## TASK DETAILS
Your reply must hold the lines from the one containing "В Бишкеке состоялась" to the end of the entries, copied exactly, with pictures excluded.

----- AVAILABLE DATA

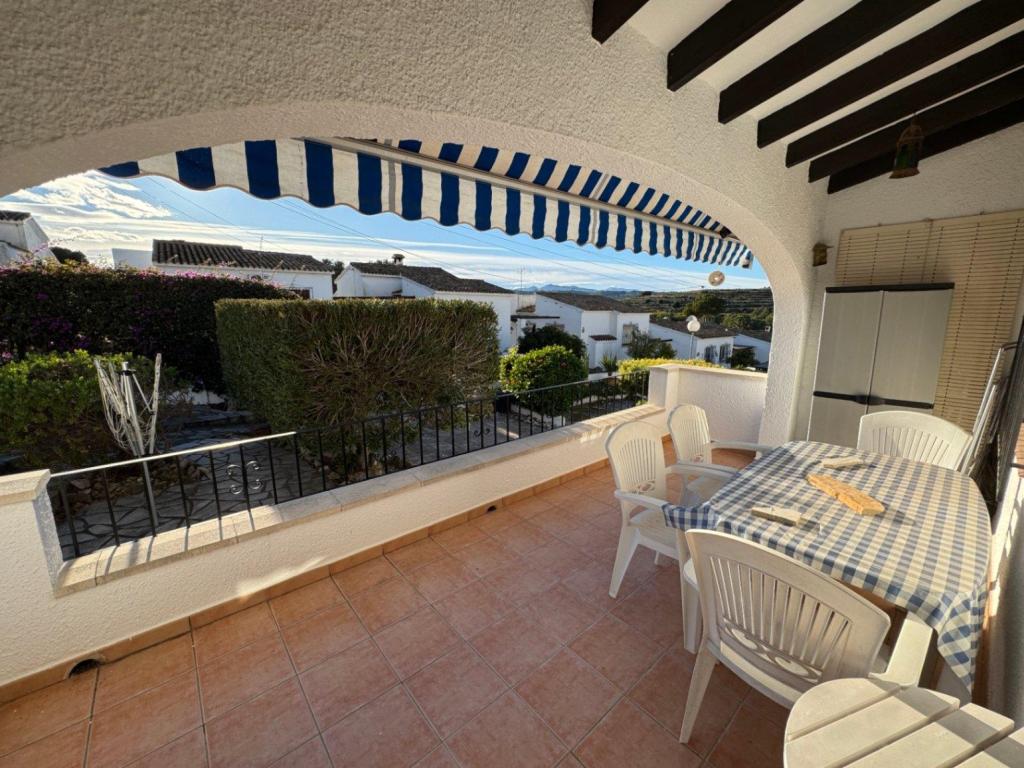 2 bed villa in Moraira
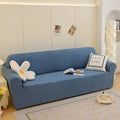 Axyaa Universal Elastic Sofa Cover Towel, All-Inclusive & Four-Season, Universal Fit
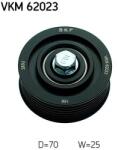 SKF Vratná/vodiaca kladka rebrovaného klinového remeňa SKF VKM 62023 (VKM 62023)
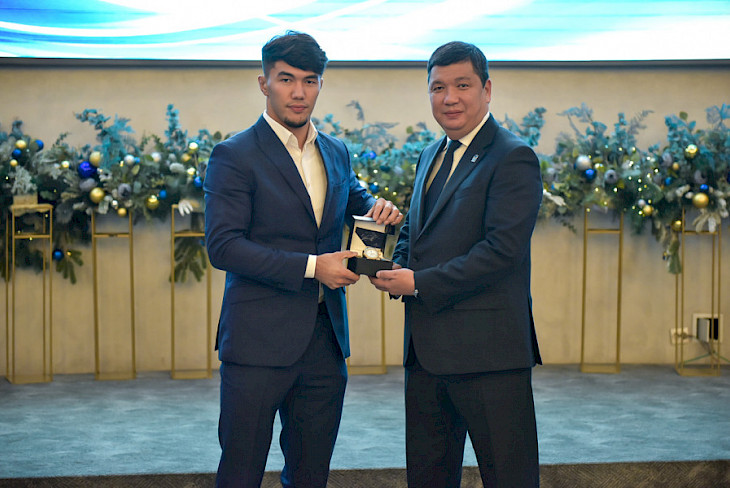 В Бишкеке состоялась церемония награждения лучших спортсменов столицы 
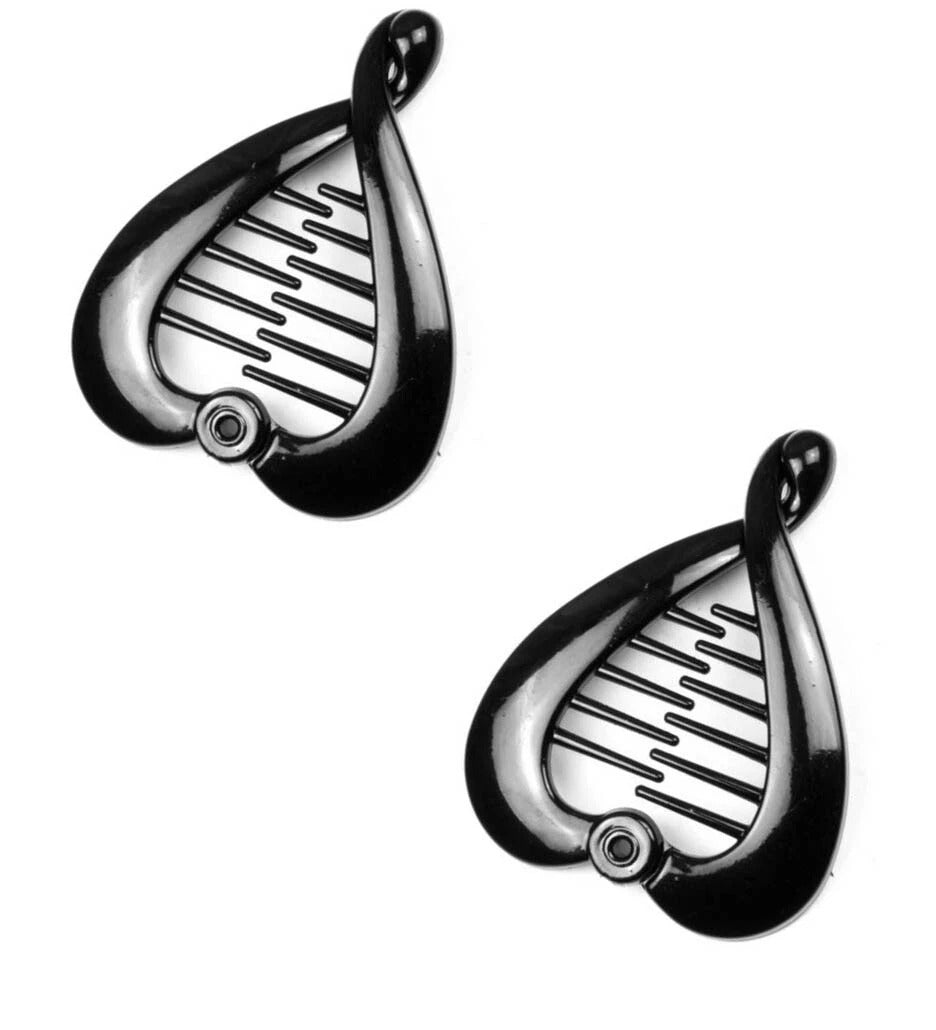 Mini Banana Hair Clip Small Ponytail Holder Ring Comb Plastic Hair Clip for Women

----------

## REPLY TO THE EXERCISE
 В Бишкеке состоялась церемония награждения лучших спортсменов столицы 
 Mini Banana Hair Clip Small Ponytail Holder Ring Comb Plastic Hair Clip for Women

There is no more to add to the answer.